Sunday 22 February 2009

50% hit rate for art popsters

(Morning Star, Friday 20 February 2009)

Album review

Franz Ferdinand, Tonight: Franz Ferdinand
(Domino Records)

A LOVELY bunch of boys making the kind of angular artpop that fills indie disco floors and makes all the girls swoon, Franz Ferdinand are one of the better bands to come out of Britain in the last decade.

There's plenty to recommend them, but on this, their third studio album, it would be naive to avoid the obvious - there's something missing.

Oh, the singalong pop choruses are there. On No You Girls Never Know, Alex Kapranos's distinctive Scottish burr takes on a more overt Matinée style, drawling a disaffected "Kiss me/Flick your cigarette then kiss me" before pounding out the flawless chorus, "No you girls never know ... how you make a boy feel."

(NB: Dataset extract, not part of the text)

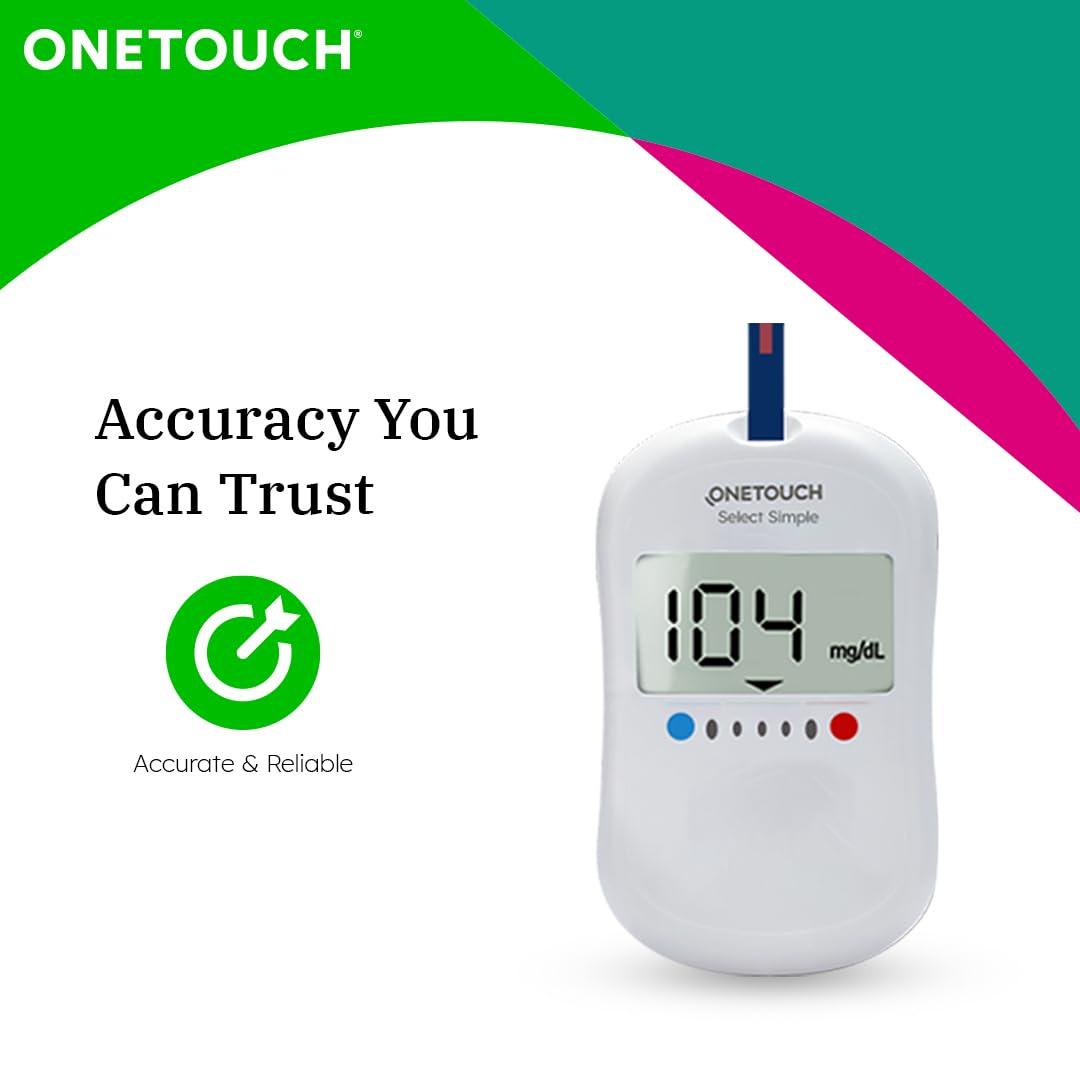 OneTouch OneTouch Select Test Strips | Pack of 100 Strips with 100 OneTouch Ultrasoft Lancets | Blood Sugar Test Machine Testing Strips | Global Iconic Brand | For use with OneTouch Select Simple Glucometer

But for every Bite Hard, shot through with Nick McCarthy's signature jagged guitar, there's a Twilight Omens, uncomfortably bringing eau de Abba into the Franz fold, or worse, the instantly forgettable What She Came For.

With about a 50 per cent hit rate, Tonight: Franz Ferdinand is a success indeed in today's music climate.

But for these lovely boys, it's way off the mark from what fans have come to expect.